Data extracts:
Segment Open

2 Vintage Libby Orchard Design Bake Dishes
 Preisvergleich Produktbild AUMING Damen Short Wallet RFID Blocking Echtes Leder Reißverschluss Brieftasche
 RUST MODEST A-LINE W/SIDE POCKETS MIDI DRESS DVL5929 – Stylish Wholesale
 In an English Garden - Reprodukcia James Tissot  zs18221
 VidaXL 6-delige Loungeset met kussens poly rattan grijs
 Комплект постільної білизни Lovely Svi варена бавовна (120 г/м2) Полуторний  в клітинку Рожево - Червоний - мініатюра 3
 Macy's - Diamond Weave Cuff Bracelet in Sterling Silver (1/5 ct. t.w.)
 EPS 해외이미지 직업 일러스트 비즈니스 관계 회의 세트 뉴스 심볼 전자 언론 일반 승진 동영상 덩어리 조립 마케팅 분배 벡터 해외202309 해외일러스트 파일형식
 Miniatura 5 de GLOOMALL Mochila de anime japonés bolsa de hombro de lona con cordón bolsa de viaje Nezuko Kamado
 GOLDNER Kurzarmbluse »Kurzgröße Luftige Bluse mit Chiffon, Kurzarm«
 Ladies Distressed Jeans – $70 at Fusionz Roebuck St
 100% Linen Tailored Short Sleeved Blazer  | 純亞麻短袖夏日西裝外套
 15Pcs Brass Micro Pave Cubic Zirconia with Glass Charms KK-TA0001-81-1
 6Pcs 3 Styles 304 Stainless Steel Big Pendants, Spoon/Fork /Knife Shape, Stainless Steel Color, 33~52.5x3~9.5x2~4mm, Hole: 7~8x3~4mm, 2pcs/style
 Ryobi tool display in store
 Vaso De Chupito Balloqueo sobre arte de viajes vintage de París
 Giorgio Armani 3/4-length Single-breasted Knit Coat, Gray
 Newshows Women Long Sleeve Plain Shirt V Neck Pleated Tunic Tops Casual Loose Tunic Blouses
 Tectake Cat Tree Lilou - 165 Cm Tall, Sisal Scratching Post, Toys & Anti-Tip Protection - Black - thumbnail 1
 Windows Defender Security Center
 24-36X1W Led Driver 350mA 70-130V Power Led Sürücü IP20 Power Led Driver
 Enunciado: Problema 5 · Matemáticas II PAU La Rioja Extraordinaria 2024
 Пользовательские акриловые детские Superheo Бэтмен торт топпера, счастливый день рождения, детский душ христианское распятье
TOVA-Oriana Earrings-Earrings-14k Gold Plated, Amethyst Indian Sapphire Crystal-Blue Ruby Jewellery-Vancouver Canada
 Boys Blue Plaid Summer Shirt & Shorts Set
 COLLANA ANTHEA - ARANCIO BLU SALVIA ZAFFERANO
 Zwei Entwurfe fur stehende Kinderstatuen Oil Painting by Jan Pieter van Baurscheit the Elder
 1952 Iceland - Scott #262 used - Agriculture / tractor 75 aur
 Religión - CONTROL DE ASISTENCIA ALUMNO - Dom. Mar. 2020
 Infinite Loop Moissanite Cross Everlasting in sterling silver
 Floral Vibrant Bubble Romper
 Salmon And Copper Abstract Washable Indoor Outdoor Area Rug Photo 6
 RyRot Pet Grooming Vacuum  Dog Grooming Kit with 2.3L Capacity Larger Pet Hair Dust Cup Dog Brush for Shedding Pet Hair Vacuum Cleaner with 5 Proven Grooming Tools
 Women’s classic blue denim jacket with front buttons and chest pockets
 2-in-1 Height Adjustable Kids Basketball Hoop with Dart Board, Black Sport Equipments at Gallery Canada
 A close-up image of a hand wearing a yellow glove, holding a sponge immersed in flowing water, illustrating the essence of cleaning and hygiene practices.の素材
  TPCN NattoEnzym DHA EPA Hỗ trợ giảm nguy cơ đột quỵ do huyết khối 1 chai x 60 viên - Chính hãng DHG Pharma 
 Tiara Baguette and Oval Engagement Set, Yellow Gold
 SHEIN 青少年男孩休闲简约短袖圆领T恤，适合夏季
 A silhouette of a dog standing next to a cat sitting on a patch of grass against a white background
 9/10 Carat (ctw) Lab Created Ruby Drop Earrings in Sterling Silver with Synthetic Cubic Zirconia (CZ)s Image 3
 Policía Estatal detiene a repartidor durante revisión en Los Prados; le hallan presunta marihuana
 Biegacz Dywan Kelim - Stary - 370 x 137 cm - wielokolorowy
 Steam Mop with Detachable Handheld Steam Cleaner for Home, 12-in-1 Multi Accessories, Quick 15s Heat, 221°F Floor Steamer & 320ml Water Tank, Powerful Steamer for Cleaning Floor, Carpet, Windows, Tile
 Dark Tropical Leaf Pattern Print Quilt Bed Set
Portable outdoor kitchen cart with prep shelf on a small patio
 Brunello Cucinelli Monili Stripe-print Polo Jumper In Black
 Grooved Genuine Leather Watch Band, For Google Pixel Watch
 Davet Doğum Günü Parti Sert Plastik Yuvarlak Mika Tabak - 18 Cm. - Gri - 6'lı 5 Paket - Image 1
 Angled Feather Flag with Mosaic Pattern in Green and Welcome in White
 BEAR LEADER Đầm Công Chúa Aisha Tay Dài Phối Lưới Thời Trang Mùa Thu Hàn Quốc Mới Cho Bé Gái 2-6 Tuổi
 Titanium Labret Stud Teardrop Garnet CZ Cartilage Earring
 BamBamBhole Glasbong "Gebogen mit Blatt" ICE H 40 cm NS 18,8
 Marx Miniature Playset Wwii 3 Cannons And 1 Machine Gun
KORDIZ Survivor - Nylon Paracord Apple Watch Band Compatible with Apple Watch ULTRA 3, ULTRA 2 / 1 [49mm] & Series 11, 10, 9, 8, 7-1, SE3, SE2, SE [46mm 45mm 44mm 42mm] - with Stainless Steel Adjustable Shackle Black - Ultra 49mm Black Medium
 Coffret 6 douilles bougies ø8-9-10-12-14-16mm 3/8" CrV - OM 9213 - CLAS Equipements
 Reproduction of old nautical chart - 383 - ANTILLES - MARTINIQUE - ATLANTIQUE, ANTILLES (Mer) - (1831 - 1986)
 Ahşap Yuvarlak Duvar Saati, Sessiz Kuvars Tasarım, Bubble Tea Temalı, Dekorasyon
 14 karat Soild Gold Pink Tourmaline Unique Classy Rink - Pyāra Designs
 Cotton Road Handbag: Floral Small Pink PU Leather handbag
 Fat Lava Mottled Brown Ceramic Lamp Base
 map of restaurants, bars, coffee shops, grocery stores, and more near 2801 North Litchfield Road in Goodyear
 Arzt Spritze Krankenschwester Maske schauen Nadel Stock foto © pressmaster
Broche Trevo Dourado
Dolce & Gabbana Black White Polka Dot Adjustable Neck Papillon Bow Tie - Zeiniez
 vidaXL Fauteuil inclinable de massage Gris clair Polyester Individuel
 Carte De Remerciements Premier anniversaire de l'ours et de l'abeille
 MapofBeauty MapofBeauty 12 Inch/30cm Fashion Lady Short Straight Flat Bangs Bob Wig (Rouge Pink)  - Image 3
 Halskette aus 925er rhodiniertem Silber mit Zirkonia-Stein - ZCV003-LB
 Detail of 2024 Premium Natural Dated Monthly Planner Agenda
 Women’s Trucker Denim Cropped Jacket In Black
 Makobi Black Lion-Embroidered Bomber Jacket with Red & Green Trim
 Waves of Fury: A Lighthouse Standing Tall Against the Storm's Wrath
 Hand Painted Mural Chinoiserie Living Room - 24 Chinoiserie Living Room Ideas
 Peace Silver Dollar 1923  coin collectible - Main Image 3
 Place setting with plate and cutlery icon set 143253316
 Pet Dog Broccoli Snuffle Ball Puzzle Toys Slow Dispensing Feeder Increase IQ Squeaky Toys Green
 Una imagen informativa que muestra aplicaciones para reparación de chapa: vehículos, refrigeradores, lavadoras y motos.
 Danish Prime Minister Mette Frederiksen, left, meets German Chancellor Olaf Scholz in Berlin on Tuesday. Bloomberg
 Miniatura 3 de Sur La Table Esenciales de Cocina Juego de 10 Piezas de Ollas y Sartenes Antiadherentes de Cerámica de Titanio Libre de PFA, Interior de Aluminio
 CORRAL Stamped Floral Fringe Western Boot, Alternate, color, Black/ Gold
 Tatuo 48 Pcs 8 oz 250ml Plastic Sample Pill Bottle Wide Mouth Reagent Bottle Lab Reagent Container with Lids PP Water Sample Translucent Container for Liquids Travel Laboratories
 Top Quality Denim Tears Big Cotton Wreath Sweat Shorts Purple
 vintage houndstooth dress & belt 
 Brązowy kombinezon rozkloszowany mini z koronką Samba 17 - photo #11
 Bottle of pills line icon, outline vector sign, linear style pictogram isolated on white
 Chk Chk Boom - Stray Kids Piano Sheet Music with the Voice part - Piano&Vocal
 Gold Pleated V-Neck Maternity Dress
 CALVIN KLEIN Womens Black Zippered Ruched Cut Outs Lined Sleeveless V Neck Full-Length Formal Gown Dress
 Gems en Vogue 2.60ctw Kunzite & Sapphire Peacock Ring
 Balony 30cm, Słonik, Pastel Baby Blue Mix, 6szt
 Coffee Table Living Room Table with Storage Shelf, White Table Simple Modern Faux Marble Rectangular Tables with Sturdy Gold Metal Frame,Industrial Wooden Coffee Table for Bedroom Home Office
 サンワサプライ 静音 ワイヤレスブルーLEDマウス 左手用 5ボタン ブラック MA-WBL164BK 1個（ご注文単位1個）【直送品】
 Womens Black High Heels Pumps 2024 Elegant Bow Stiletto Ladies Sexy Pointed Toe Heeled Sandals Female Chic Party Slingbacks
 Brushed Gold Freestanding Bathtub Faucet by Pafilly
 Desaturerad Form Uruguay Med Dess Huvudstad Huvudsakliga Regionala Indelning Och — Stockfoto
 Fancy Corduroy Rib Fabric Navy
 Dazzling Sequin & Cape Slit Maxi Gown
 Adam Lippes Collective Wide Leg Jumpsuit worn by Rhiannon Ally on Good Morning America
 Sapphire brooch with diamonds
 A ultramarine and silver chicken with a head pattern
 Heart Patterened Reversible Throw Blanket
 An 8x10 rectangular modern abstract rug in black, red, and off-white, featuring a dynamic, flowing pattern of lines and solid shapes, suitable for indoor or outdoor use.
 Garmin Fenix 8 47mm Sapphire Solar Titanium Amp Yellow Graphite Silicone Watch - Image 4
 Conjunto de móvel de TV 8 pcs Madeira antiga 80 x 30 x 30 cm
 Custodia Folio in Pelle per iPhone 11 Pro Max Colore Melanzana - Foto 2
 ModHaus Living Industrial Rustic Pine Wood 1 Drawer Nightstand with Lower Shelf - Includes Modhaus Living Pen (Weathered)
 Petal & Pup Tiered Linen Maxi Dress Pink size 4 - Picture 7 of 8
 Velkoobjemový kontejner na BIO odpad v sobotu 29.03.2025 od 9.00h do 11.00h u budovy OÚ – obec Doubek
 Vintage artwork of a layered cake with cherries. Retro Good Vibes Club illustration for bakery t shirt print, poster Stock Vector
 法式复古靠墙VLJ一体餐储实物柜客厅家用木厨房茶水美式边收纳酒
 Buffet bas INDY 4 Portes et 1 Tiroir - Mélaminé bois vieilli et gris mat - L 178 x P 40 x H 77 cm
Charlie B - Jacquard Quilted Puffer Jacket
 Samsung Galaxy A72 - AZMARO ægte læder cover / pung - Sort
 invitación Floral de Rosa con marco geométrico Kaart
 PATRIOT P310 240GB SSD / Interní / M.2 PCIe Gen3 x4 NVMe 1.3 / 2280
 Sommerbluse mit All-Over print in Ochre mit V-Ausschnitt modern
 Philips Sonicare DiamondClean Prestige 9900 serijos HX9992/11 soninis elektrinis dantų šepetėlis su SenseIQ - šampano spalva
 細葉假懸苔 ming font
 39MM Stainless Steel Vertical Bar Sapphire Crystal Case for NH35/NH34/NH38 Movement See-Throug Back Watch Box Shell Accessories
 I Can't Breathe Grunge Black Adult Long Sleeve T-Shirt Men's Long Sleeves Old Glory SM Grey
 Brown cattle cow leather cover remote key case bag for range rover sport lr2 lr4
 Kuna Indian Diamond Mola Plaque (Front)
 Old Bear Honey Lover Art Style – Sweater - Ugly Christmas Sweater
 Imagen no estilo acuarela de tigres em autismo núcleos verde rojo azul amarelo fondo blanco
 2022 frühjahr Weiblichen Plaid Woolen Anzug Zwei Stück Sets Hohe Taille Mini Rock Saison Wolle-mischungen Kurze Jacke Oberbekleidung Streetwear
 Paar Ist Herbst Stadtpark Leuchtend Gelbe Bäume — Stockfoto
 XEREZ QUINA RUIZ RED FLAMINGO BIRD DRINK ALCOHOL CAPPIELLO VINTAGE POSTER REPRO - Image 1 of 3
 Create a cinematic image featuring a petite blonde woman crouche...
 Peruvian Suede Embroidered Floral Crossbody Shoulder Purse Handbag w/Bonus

Segment Closed

Task details:
Starting at the line with "Sommerbluse mit All-Over", restate every line word for word through the end of the listing above.

Answer for this exercise:
 Sommerbluse mit All-Over print in Ochre mit V-Ausschnitt modern
 Philips Sonicare DiamondClean Prestige 9900 serijos HX9992/11 soninis elektrinis dantų šepetėlis su SenseIQ - šampano spalva
 細葉假懸苔 ming font
 39MM Stainless Steel Vertical Bar Sapphire Crystal Case for NH35/NH34/NH38 Movement See-Throug Back Watch Box Shell Accessories
 I Can't Breathe Grunge Black Adult Long Sleeve T-Shirt Men's Long Sleeves Old Glory SM Grey
 Brown cattle cow leather cover remote key case bag for range rover sport lr2 lr4
 Kuna Indian Diamond Mola Plaque (Front)
 Old Bear Honey Lover Art Style – Sweater - Ugly Christmas Sweater
 Imagen no estilo acuarela de tigres em autismo núcleos verde rojo azul amarelo fondo blanco
 2022 frühjahr Weiblichen Plaid Woolen Anzug Zwei Stück Sets Hohe Taille Mini Rock Saison Wolle-mischungen Kurze Jacke Oberbekleidung Streetwear
 Paar Ist Herbst Stadtpark Leuchtend Gelbe Bäume — Stockfoto
 XEREZ QUINA RUIZ RED FLAMINGO BIRD DRINK ALCOHOL CAPPIELLO VINTAGE POSTER REPRO - Image 1 of 3
 Create a cinematic image featuring a petite blonde woman crouche...
 Peruvian Suede Embroidered Floral Crossbody Shoulder Purse Handbag w/Bonus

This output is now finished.